DIVISIONS AND CHARACTERISTICS

INDIAN thoroughfares may be divided into Hunting, War, Portage, River, and Trade trails.

The hunting trails led from an Indian nation's villages to its hunting-grounds and through them. For these hunting-grounds were not always near at hand. The forests around the villages soon became devoid of game and the hunters were compelled to go each year to a greater distance from home. Consequently it became the custom of the stronger tribes and confederacies to obtain, by conquest or unopposed occupation, large tracts of distant forests which became their own peculiar property, and into which vagrant hunters from other nations came only on peril of their lives or freedom. These tracts, which were denominated "hunting-grounds," were stable and well defined, and, as among the Bedouin tribes of the Levant the degree of the conqueror's victory over his adversary was measured by the number of sheep and camels he purloined as trophy of war, so among the American Indians the victory of a nation was not infrequently measured by the extent of new hunting-grounds in which it might thereafter roam without challenge. These areas were a nation's pride and came first in the catalogue of its riches and power—and, thus, the Happy Hunting-Ground, of wide extent, rich in game, which no ruthless conqueror could wrest away, was the Indian's conception of a blessed life hereafter.

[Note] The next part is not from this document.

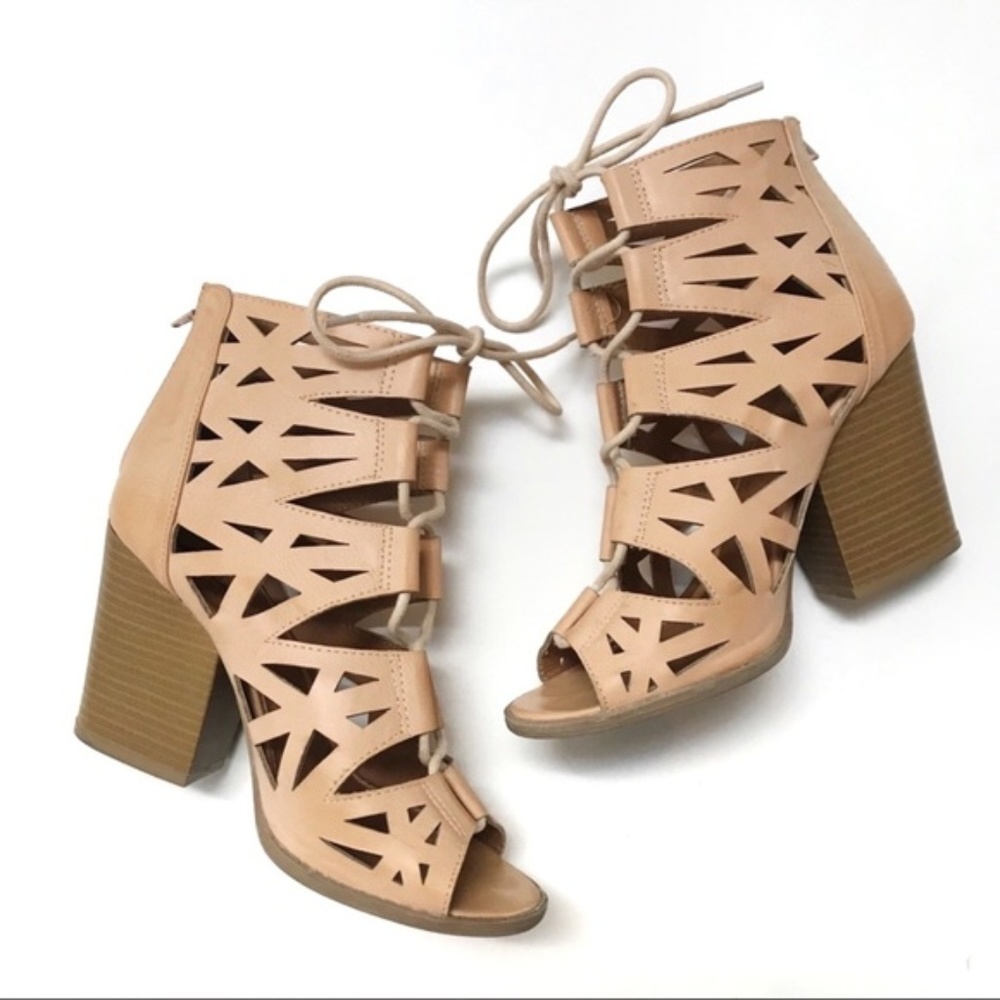 Quipid  Size 7 Bootie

To these hunting-grounds "well-beaten hunting-paths"[1] were made. Frequently, when the hunting-grounds were at a distance from the home-land, the hunters went to them, if possible, on water-ways, as in the case of the Iroquois who held, for a period, the territory between the Blue Ridge and Great Lakes as their hunting-ground to which they came in great fleets upon the "Oyo" and its northern tributaries, or the Ottawas, who, while they lived near Detroit, came to the hunting-grounds on the Wabash and Miami to the south, which they claimed.[2]

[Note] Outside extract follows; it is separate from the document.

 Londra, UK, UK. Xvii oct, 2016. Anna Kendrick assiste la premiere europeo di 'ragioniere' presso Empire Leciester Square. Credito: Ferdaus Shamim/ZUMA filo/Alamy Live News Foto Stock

Once on the ground, the parties separated and sought their quarry by various routes. In such a manner, it is easy to believe, many of the Indian thoroughfares which afterward were put to so many uses, were originally made. There is little doubt, however, that the routes broken long before by buffalo and pre-Columbian Indians were found and followed and served as main thoroughfares. With hunting-lodges built at convenient points on these thoroughfares, the minor cross-trails were broken to and fro along the watersheds and from the rivers upward and inland.

The war trails were what the name implies—routes to and from the home-lands of hostile confederacies, nations, or tribes. The higher a nation mounts in the plane of civilization the better it is known for its joys; the lower it sinks the more famous it becomes for its hatreds. If the Indian left us little of profit, he certainly left us the memory of countless, immemorial hatreds which perhaps are not equaled in the annals of human history. Nothing points more strikingly to the low plane of civilization which he occupied. The animosity of a Roman for a Carthaginian was nothing beside the hatred of an Iroquois for an Algonquin, a Shawanese for a Catawba, a Seneca for a Wyandot. These hatreds grew with the years and even centuries; they were so bitter that children were trained to undergo cruel torture at home without uttering complaint, lest when tortured by their foes they should some time give way to lamentation and disgrace their tribe.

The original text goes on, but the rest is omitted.